Ducati heeft de 2023 Ducati Diavel V4 uitgerust met het Extended Rear Cylinder Deactivation System. Onder de 4.000 tpm werken alleen de voorste cilinders. Dat betekent minder verbruik, minder hitte naar de rijder en toch nog even die twin-sound die je van Ducati gewoon bent. Belangrijke vaststelling: de overgang van het rijden op twee naar vier cilinders, is – behalve auditief – niet merkbaar. Daar waren we voor de test toch wel wat bezorgd om. Bijvoorbeeld omdat Honda destijds de onvolprezen VFR van een VTEC-systeem voorzag – waarbij maar één inlaatklep geopend werd onder de 6.000 tpm. Daar was de overgang tussen één en twee werkende inlaatkleppen abrupt voelbaar. Kwade tongen beweren zelfs dat dit systeem de ondergang van de VFR inluidde. Inmiddels zijn we dik 20 jaar verder en hoeft Ducati zich over een dergelijk doemscenario geen zorgen te maken. ERCDS werkt perfect en biedt een naadloze overgang van twee naar vier werkende cilinders. Hardcore Ducatisten zullen het zelfs op prijs kunnen stellen dat ze in een bepaalde zone van het toerengebied met een twin rijden.
1 van 7
Ander gezicht
Maar goed, alle lof dus voor de Granturismo V4. Beetje foute naam trouwens voor een blok dat in een met testosteron gevulde powercruiser hangt, al valt er werkelijk niks af te dingen op de prestaties. Nu is een V4-configuratie altijd wel populair, maar we zouden Ducati tekortdoen als we de kwaliteit van dit blok gewoon afschrijven op de configuratie. Dit is niet alleen het blok dat ook al in de Multistrada V4 zijn strepen verdiende. Het is vooral een krachtbron die het gezicht van de Diavel verandert, zonder de essentie van een powercruiser geweld aan te doen. En er is meer.

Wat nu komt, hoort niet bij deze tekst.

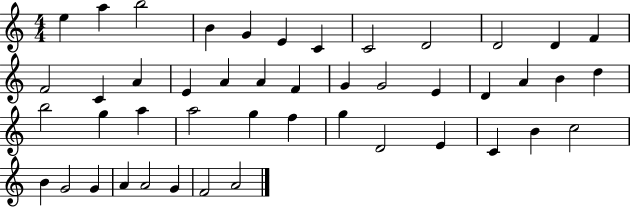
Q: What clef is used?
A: treble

De nieuwe styling heeft rondere lijnen, laat het motorblok visueel overlopen in het frame en kuipwerk en staat bol van de leuke details. Zoals de opvouwende voetsteunen voor de passagier, de vorm van open en gesloten haakjes die terugkeert in het LED-achterlicht én in de koplamp, die waanzinnige achtervelg… Het oogt niet alleen hip, want als je de vorige Diavel naast de nieuwe zet, lijkt die V2 plotseling gedateerd.

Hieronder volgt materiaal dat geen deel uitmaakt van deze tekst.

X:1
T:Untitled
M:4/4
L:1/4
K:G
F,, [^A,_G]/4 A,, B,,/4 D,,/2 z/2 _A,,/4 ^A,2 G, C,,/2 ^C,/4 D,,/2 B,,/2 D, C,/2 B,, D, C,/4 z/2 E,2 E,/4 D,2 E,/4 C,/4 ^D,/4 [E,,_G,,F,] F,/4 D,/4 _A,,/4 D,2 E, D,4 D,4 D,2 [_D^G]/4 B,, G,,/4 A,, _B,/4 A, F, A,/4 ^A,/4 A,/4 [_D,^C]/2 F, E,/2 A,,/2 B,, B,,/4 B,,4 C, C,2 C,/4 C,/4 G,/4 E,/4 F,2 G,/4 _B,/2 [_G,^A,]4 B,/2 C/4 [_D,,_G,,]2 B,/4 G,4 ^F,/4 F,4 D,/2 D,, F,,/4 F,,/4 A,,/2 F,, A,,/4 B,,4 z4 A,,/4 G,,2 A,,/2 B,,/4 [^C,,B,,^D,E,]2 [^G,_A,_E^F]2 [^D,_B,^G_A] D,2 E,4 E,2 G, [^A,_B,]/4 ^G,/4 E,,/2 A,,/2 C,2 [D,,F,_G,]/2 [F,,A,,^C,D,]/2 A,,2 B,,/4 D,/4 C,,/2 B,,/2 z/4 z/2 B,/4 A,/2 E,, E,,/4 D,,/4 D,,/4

De veranderingen zijn gelukkig niet alleen visueel, maar hadden ook een impact op het karakter. De beresterke 1260cc-twin bood een eerder ruw rijgedrag met in de Sport modus ook een nogal brutaal karakter. De meest comfortabele rij-modus op de openbaar weg was bijgevolg de Road/Street-stand. Dat is anders op de V4. Hier krijgt de sportmodus de voorkeur. Omdat het blok dermate soepel is kun je in de sportmodus vlot rijden of rustige snelheden aanhouden. Het bonkige is er helemaal uit en het lijkt ons dat je de 2023 Ducati Diavel V4 meestentijds in de Sport-stand zult rijden.
Aard van het beest
Een beetje powercruiser is altijd gebouwd rond een stevig blok, maar het zou fout zijn om alleen maar de krachtbron te bewieroken. De Diavel V4 is compleet nieuw en daar hoort onder andere ook een nieuw monocoqueframe bij. Goed voor een significante gewichtsbesparing van 4,7 kg. Tel daar de besparing rond het subframe bij op – 2,7 kilo – en je komt tot een veel lichter chassis. Nu is 223 natuurlijk niet echt een vedergewicht , maar met 223 kg (zonder benzine) is De Diavel V4 wel 13 kg lichter dan z’n voorganger. Gekoppeld aan een toegenomen comfort, een langere veerweg achteraan en een uitstekende ophanging, is de Diavel V4 gewoon een totaal andere motor om mee te rijden. Sportiever én comfortabeler. En dat moet zijn gebruikspotentieel ongeveer verdubbelen.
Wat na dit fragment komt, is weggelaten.